Man-made wetlands at Fairview Park aid in firefighting effort

Costa Mesa didn't envision a helicopter guzzling more than 8,000 gallons of water from the carefully engineered lakes it christened last year as part of 37 arces of man-made wetlands in Fairview Park, Public Services Director Ernesto Munoz said.

But on Thursday, an Orange County Fire Authority helicopter did just that, swooping down to refill its tank almost two dozen times to help douse a three-acre brush fire in nearby Talbert Regional Park.

"It was definitely a convenient thing to have a bunch of lakes," Munoz said.

At about 11:30 that morning, Costa Mesa, Huntington Beach, Newport Beach and OCFA crews responded to the blaze in Talbert, but their biggest weapon was the helicopter dumping 360 gallons of water at a time.

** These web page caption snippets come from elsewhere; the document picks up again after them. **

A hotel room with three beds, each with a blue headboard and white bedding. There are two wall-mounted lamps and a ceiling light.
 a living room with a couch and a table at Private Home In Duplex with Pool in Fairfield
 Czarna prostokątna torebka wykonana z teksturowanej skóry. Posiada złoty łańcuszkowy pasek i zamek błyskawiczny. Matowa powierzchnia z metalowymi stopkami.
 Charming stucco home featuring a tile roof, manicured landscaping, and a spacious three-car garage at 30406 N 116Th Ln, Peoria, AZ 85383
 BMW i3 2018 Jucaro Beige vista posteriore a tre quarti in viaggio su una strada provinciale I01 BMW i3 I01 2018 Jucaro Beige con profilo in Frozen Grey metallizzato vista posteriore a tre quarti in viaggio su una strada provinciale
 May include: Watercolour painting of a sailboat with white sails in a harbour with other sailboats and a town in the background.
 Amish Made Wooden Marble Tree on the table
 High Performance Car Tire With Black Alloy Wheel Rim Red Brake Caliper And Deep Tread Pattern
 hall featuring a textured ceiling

That much liquid crashing down on a small fire is a quick, effective punch that can minimize the chance of the wind spreading flames quickly, according to Costa Mesa Fire Chief Dan Stefano.

"Ember production is what we're concerned about," he said.

Twenty-three times the chopper dumped water on the Talbert fire, and after each drop it traveled only a few hundred yards to Fairview Park's man-made lakes to refill for another pass.

With that help from the air, crews were able to control the fire within a few hours and start mopping up.

"We could not have had the impact we had without that support [Thursday]," Stefano said.

Stefano said it's not atypical for a chopper to make that many drops over the span of a few hours, but if it weren't for the lakes, firefighters would have had to set up another way for the helicopter to refill.

That's typically done by tapping into a nearby fire hydrant or other supply line and finding a place for the airship to land.

"It's all about being flexible and moving around," Stefano said.

But the lakes, he said, were an excellent option Thursday, one that firefighters didn't have a year ago.

Costa Mesa created the reservoirs as part of a wetlands habitat that opened in February.

Millions of gallons of urban runoff is pumped into the largest lake, Munoz said. From there, the water filters through a natural system of streams and ponds until it's clean enough to enter the wetlands.

This keeps the runoff from rushing into the ocean and restores some of the area back to its natural habitat.

By drawing from the largest lake, the OCFA copter wasn't disrupting the process at all, Munoz said.

"It was perfectly OK for them to do that," he said.

In fact, after the helicopter left, it was nearly impossible to tell it had been there. The system's pumps can fill the reservoir with up to 500 gallons of runoff a minute.

"You saw that the lake level didn't even flinch," Munoz said.